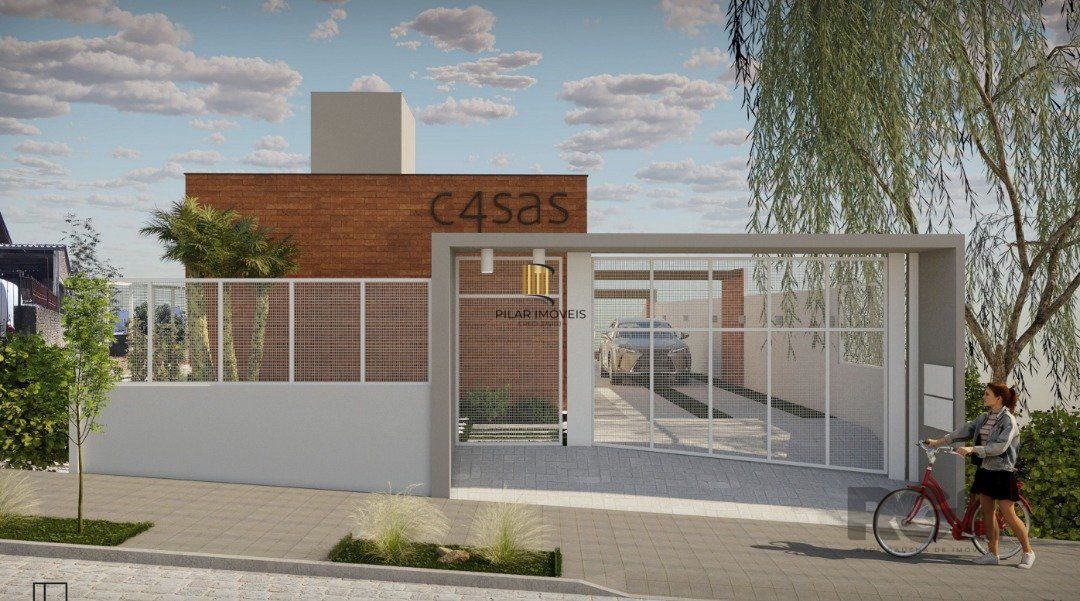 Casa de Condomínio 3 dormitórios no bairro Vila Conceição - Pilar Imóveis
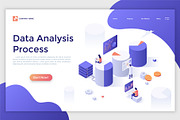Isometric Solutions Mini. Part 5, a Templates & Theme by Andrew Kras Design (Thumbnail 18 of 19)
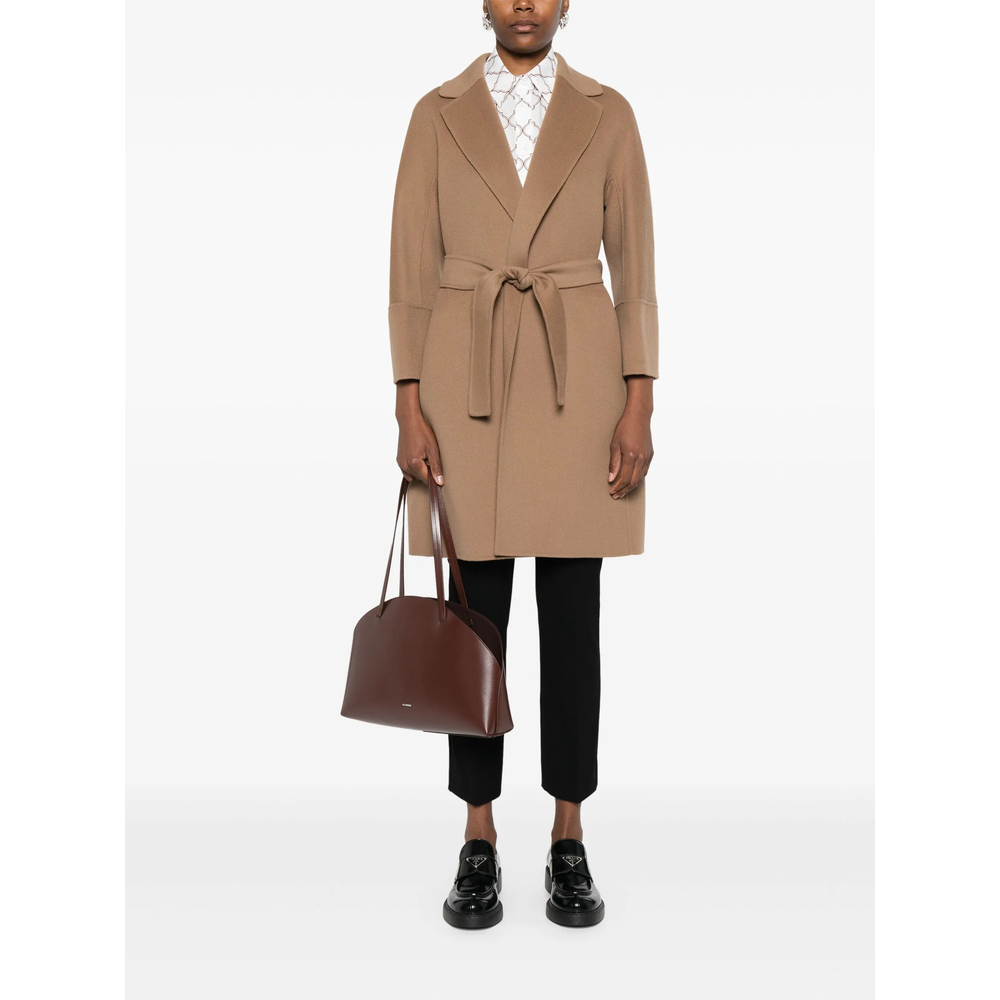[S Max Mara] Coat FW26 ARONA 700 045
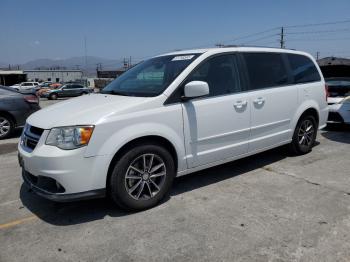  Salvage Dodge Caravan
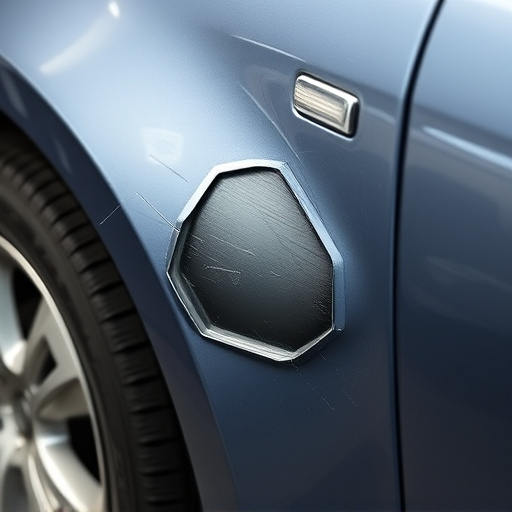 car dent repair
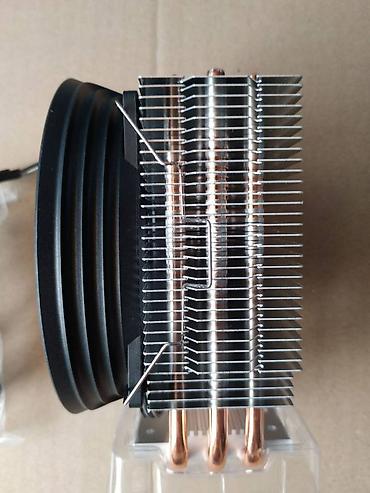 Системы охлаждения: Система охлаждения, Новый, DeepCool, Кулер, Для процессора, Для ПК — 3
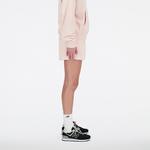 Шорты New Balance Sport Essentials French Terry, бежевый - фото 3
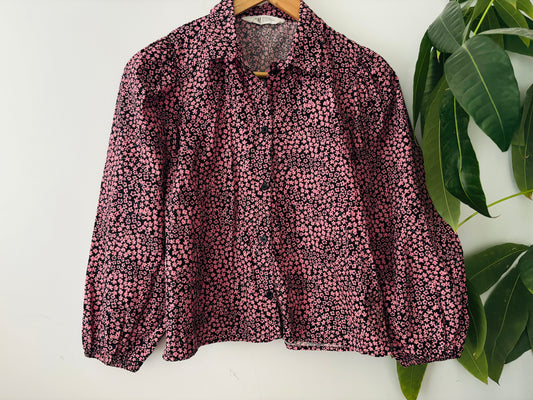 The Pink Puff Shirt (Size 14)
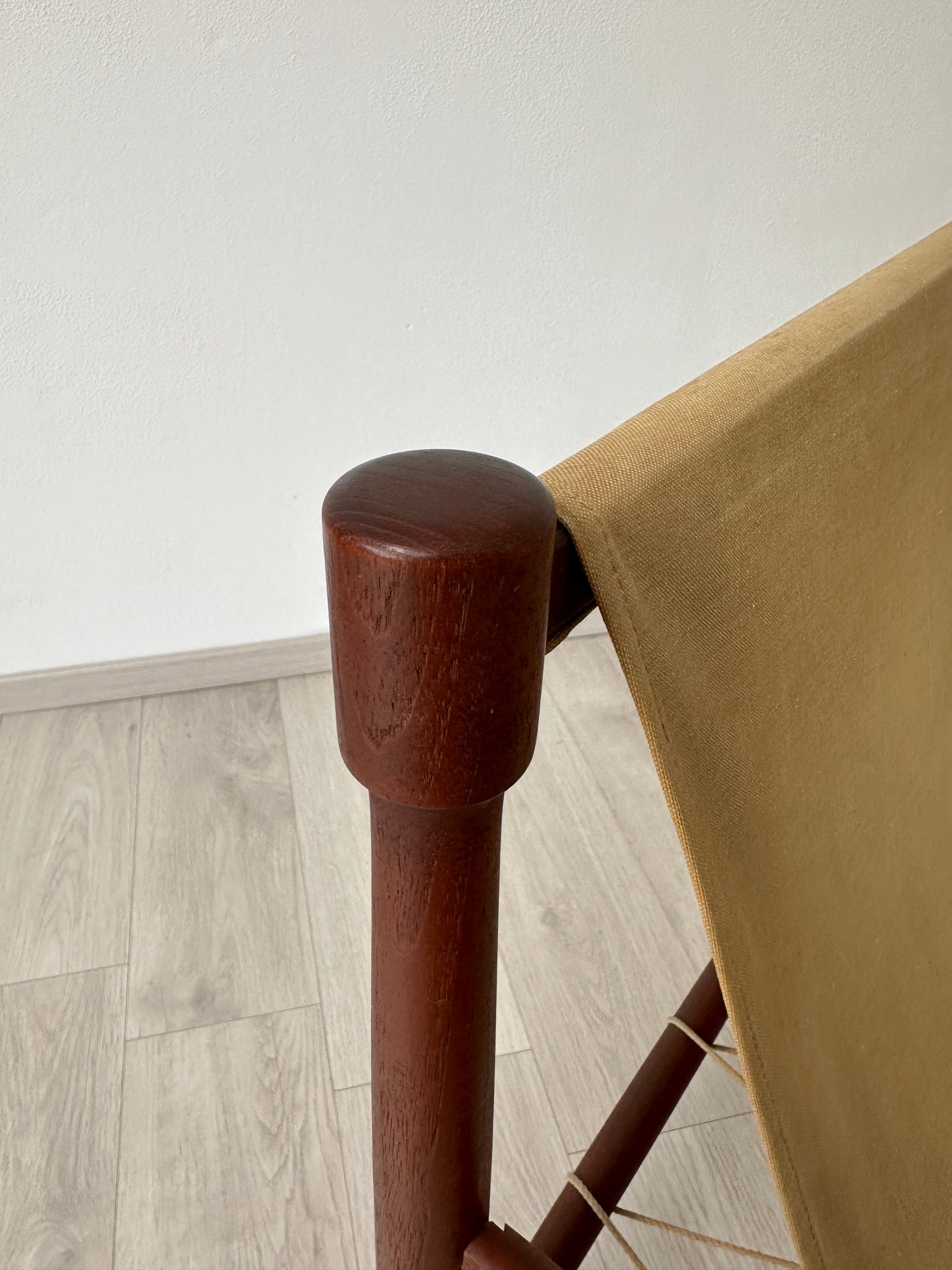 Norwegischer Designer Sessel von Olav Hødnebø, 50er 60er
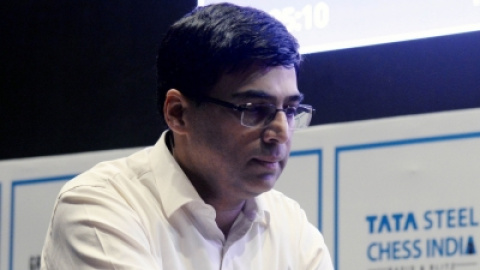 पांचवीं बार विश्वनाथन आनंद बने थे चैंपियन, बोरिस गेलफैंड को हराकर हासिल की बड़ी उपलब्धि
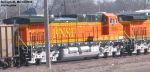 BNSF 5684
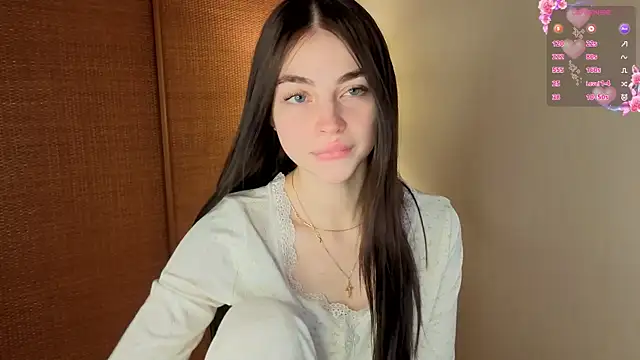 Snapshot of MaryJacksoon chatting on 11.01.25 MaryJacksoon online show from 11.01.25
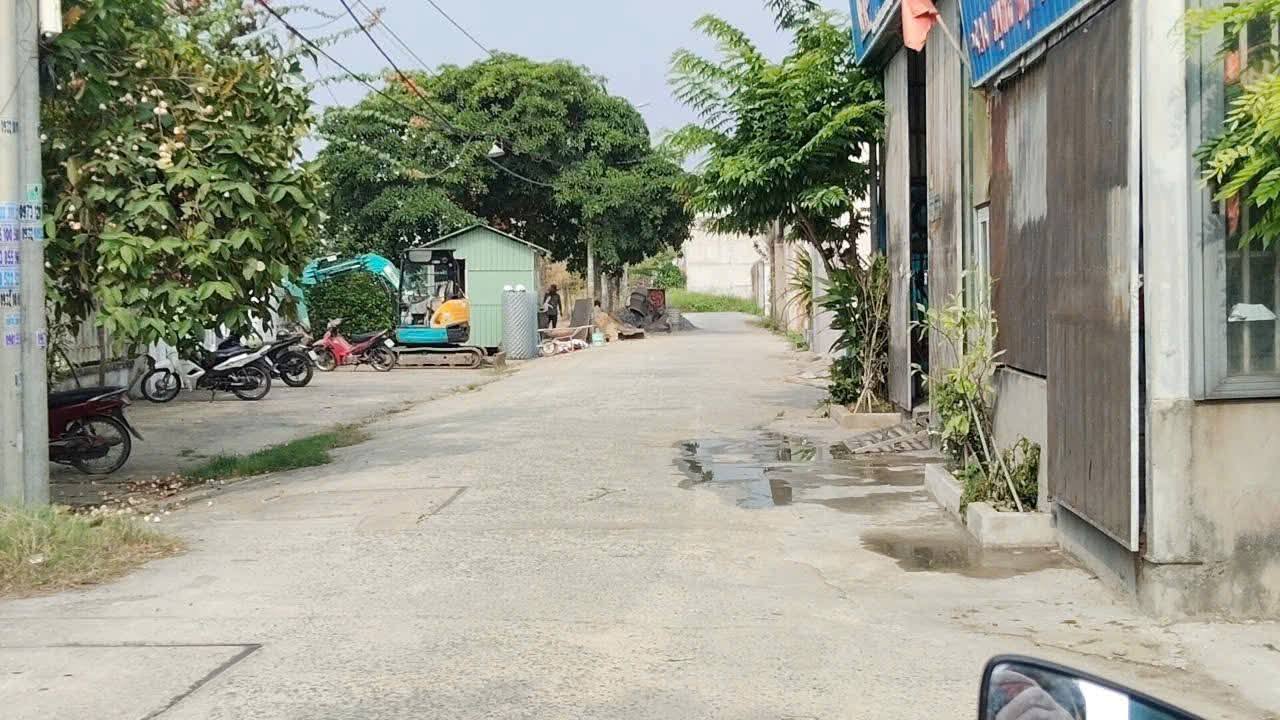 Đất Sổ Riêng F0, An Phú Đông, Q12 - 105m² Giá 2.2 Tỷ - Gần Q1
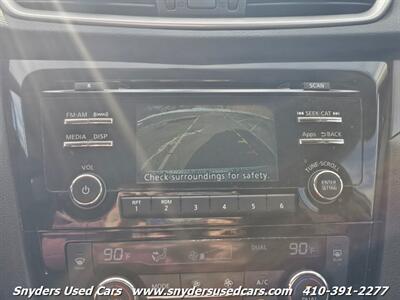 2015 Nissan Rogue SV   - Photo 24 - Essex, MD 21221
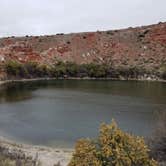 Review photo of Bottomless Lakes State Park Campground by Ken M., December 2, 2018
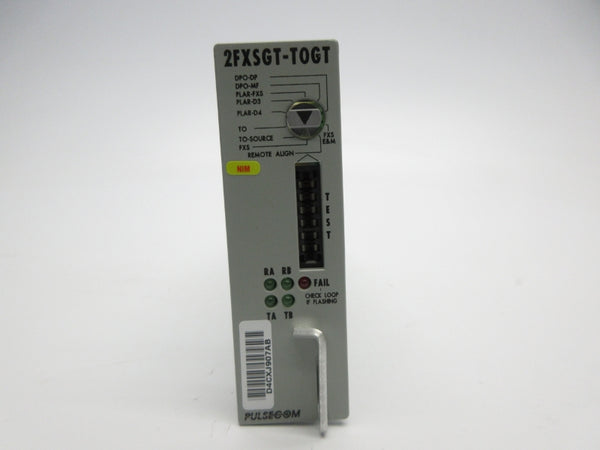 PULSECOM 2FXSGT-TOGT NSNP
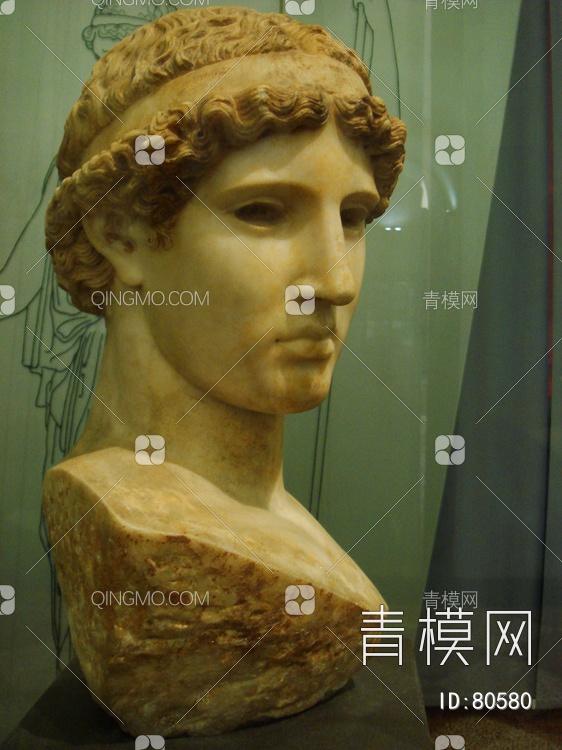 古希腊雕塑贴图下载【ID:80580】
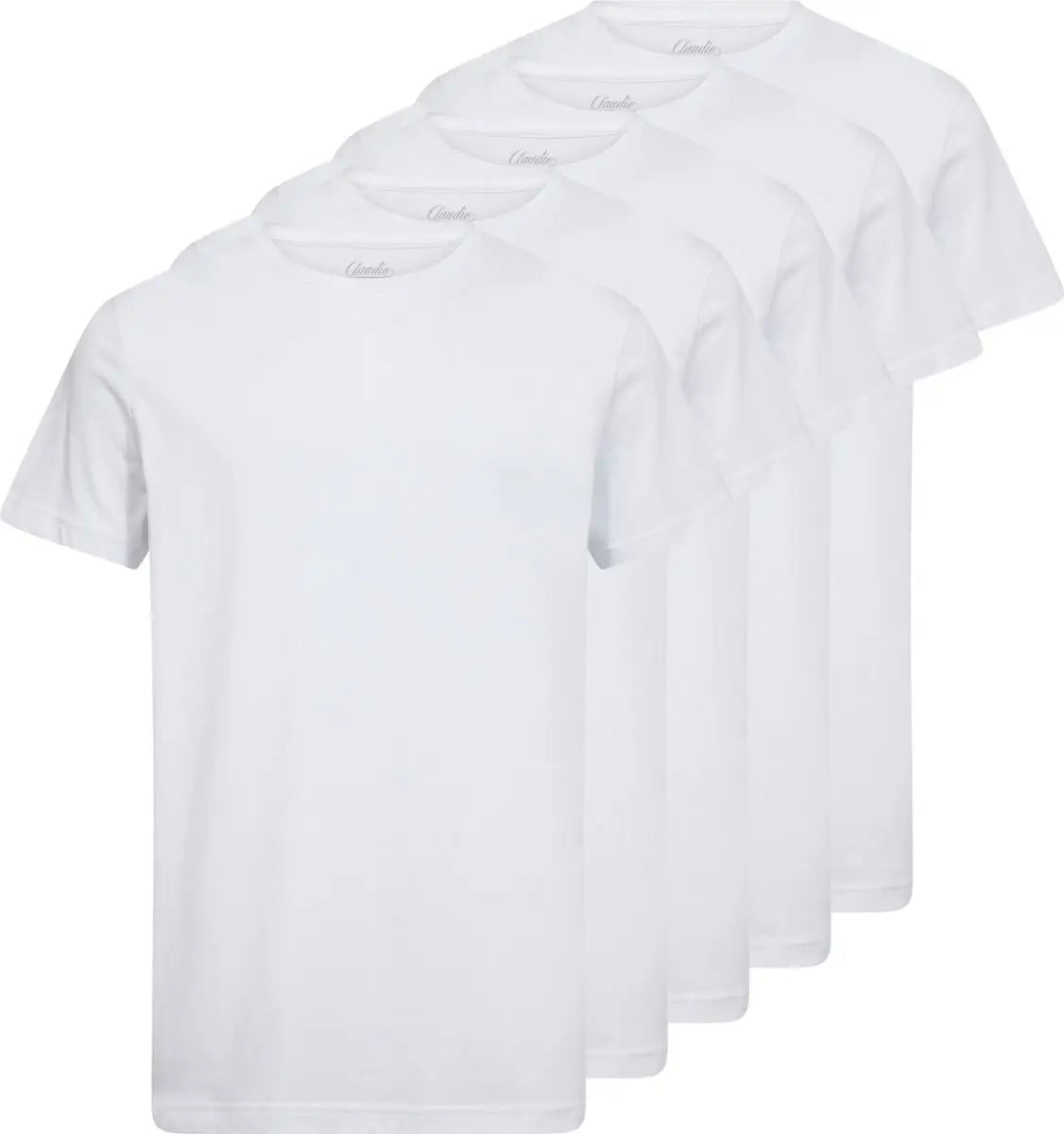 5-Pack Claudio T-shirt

════

### TASK REQUIREMENTS
Restate the listing above word for word and skip each picture.

### RESULT OF THE TASK
 Casa de Condomínio 3 dormitórios no bairro Vila Conceição - Pilar Imóveis
Isometric Solutions Mini. Part 5, a Templates & Theme by Andrew Kras Design (Thumbnail 18 of 19)
[S Max Mara] Coat FW26 ARONA 700 045
  Salvage Dodge Caravan
 car dent repair
 Системы охлаждения: Система охлаждения, Новый, DeepCool, Кулер, Для процессора, Для ПК — 3
 Шорты New Balance Sport Essentials French Terry, бежевый - фото 3
 The Pink Puff Shirt (Size 14)
 Norwegischer Designer Sessel von Olav Hødnebø, 50er 60er
 पांचवीं बार विश्वनाथन आनंद बने थे चैंपियन, बोरिस गेलफैंड को हराकर हासिल की बड़ी उपलब्धि
 BNSF 5684
 Snapshot of MaryJacksoon chatting on 11.01.25 MaryJacksoon online show from 11.01.25
 Đất Sổ Riêng F0, An Phú Đông, Q12 - 105m² Giá 2.2 Tỷ - Gần Q1
 2015 Nissan Rogue SV   - Photo 24 - Essex, MD 21221
 Review photo of Bottomless Lakes State Park Campground by Ken M., December 2, 2018
 PULSECOM 2FXSGT-TOGT NSNP
 古希腊雕塑贴图下载【ID:80580】
 5-Pack Claudio T-shirt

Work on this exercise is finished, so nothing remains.